With this PR, type check will be performed:

(spark) ➜  spark git:(sadhen/SPARK-35211) ✗ bin/pyspark
Python 3.8.8 (default, Feb 24 2021, 13:46:16)
[Clang 10.0.0 ] :: Anaconda, Inc. on darwin
Type "help", "copyright", "credits" or "license" for more information.
Using Spark's default log4j profile: org/apache/spark/log4j-defaults.properties
Setting default log level to "WARN".
To adjust logging level use sc.setLogLevel(newLevel). For SparkR, use setLogLevel(newLevel).
21/04/24 17:42:23 WARN NativeCodeLoader: Unable to load native-hadoop library for your platform... using builtin-java classes where applicable
Welcome to
      ____              __
     / __/__  ___ _____/ /__
    _\ \/ _ \/ _ `/ __/  '_/
   /__ / .__/\_,_/_/ /_/\_\   version 3.2.0-SNAPSHOT
      /_/

Using Python version 3.8.8 (default, Feb 24 2021 13:46:16)
Spark context Web UI available at http://172.30.0.12:4040
Spark context available as 'sc' (master = local[*], app id = local-1619257343692).
SparkSession available as 'spark'.
>>> spark.conf.set("spark.sql.execution.arrow.pyspark.enabled", "false")
>>> from pyspark.testing.sqlutils  import ExamplePoint
>>> import pandas as pd
>>> pdf = pd.DataFrame({'point': pd.Series([ExamplePoint(1, 1), ExamplePoint(2, 2)])})
>>> df = spark.createDataFrame(pdf)
Traceback (most recent call last):
  File "<stdin>", line 1, in <module>
  File "/Users/da/github/apache/spark/python/pyspark/sql/session.py", line 653, in createDataFrame
    return super(SparkSession, self).createDataFrame(
  File "/Users/da/github/apache/spark/python/pyspark/sql/pandas/conversion.py", line 340, in createDataFrame
    return self._create_dataframe(data, schema, samplingRatio, verifySchema)
  File "/Users/da/github/apache/spark/python/pyspark/sql/session.py", line 699, in _create_dataframe
    rdd, schema = self._createFromLocal(map(prepare, data), schema)
  File "/Users/da/github/apache/spark/python/pyspark/sql/session.py", line 499, in _createFromLocal
    data = list(data)
  File "/Users/da/github/apache/spark/python/pyspark/sql/session.py", line 688, in prepare
    verify_func(obj)
  File "/Users/da/github/apache/spark/python/pyspark/sql/types.py", line 1409, in verify
    verify_value(obj)
  File "/Users/da/github/apache/spark/python/pyspark/sql/types.py", line 1390, in verify_struct
    verifier(v)
  File "/Users/da/github/apache/spark/python/pyspark/sql/types.py", line 1409, in verify
    verify_value(obj)
  File "/Users/da/github/apache/spark/python/pyspark/sql/types.py", line 1304, in verify_udf
    verifier(dataType.toInternal(obj))
  File "/Users/da/github/apache/spark/python/pyspark/sql/types.py", line 1409, in verify
    verify_value(obj)
  File "/Users/da/github/apache/spark/python/pyspark/sql/types.py", line 1354, in verify_array
    element_verifier(i)
  File "/Users/da/github/apache/spark/python/pyspark/sql/types.py", line 1409, in verify
    verify_value(obj)
  File "/Users/da/github/apache/spark/python/pyspark/sql/types.py", line 1403, in verify_default
    verify_acceptable_types(obj)
  File "/Users/da/github/apache/spark/python/pyspark/sql/types.py", line 1291, in verify_acceptable_types
    raise TypeError(new_msg("%s can not accept object %r in type %s"
TypeError: element in array field point: DoubleType can not accept object 1 in type <class 'int'>

Does this PR introduce any user-facing change?

No

How was this patch tested?

unit test

SparkQA · 2021-04-24T12:19:21Z

Test build #137882 has finished for PR 32320 at commit bea87a5.

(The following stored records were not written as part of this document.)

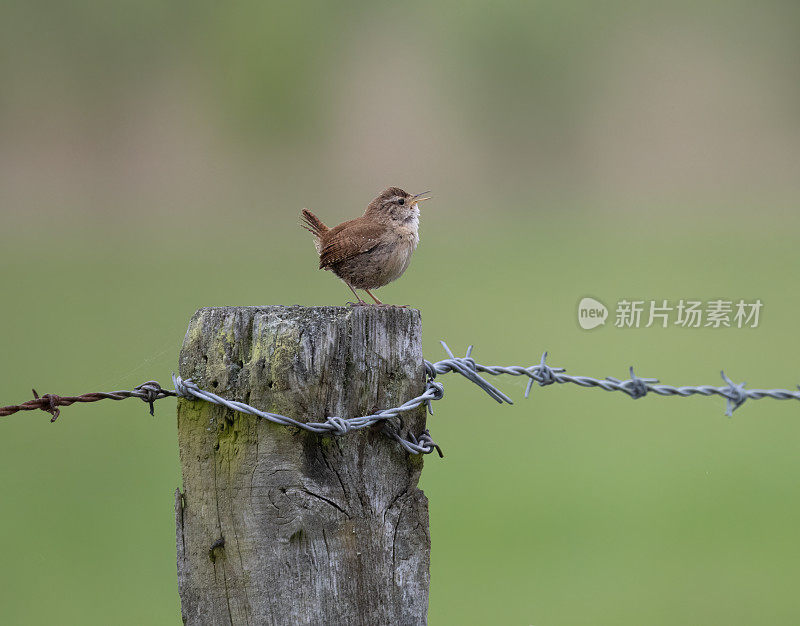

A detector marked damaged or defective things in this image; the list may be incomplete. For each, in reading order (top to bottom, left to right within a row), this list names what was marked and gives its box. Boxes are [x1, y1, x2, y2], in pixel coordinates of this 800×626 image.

rusty barbed wire [1, 342, 800, 454]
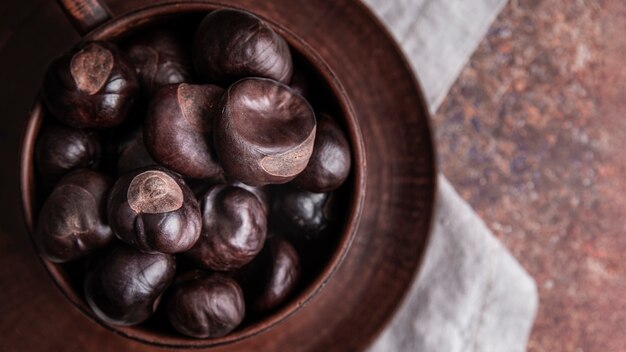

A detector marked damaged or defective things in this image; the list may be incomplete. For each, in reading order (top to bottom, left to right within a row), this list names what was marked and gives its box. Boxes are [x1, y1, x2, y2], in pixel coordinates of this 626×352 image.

rusty brown surface [434, 0, 624, 350]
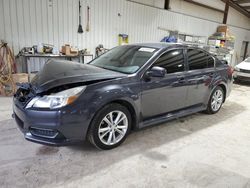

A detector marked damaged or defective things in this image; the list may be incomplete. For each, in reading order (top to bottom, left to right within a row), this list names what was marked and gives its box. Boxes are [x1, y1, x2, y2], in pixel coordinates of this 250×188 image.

damaged car [13, 43, 232, 150]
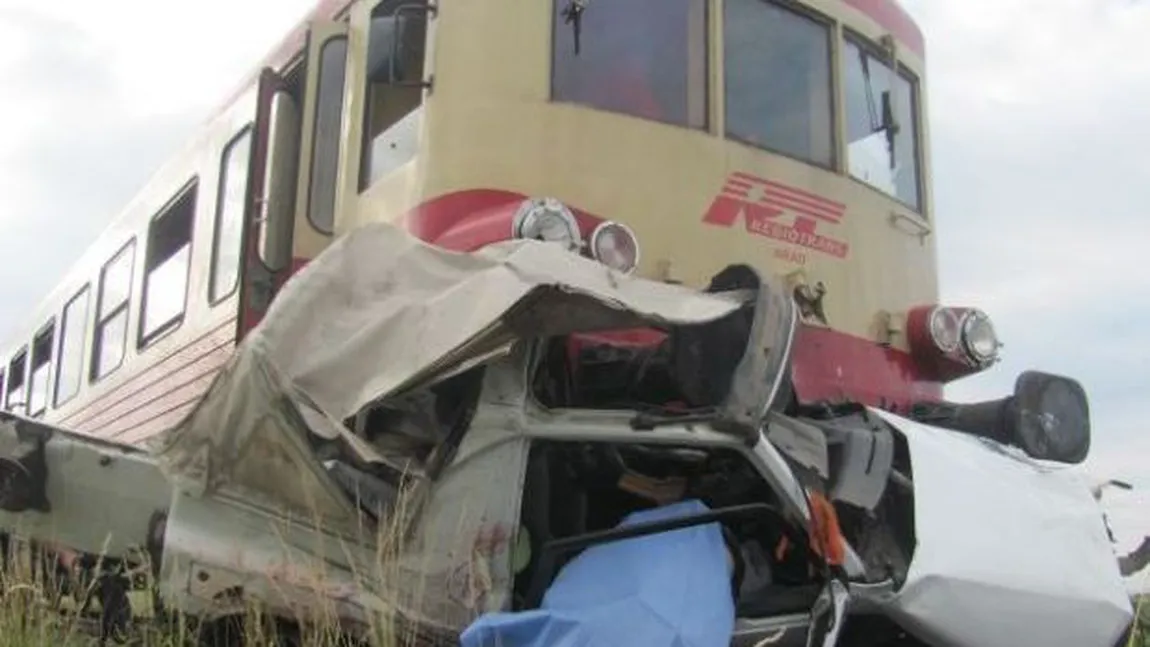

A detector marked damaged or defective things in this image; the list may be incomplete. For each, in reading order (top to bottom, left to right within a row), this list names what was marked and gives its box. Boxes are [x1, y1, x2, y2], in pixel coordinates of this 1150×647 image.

This patch fails PySpark unit tests.
This patch merges cleanly.
This patch adds no public classes.

SparkQA · 2021-04-24T15:40:18Z

Test build #137889 has finished for PR 32320 at commit 4dc085c.

This patch passes all tests.
This patch merges cleanly.
This patch adds no public classes.

HyukjinKwon · 2021-04-25T07:30:30Z

@sadhen, can we separate refactoring and the UDT inferred type verification? It would make the change much easier to review.

da-liii · 2021-04-25T07:59:18Z

@HyukjinKwon There are little differences in _createFromRDD and _createFromLocal. If I do inferred type verification in a separate PR, I need to insert the following code snippet twice:

                verify_func = _make_type_verifier(struct) if verifySchema else lambda _: True

                def verified_converter(obj):
                    verify_func(obj)
                    return converter(obj)
                data = inner_map(verified_converter, data)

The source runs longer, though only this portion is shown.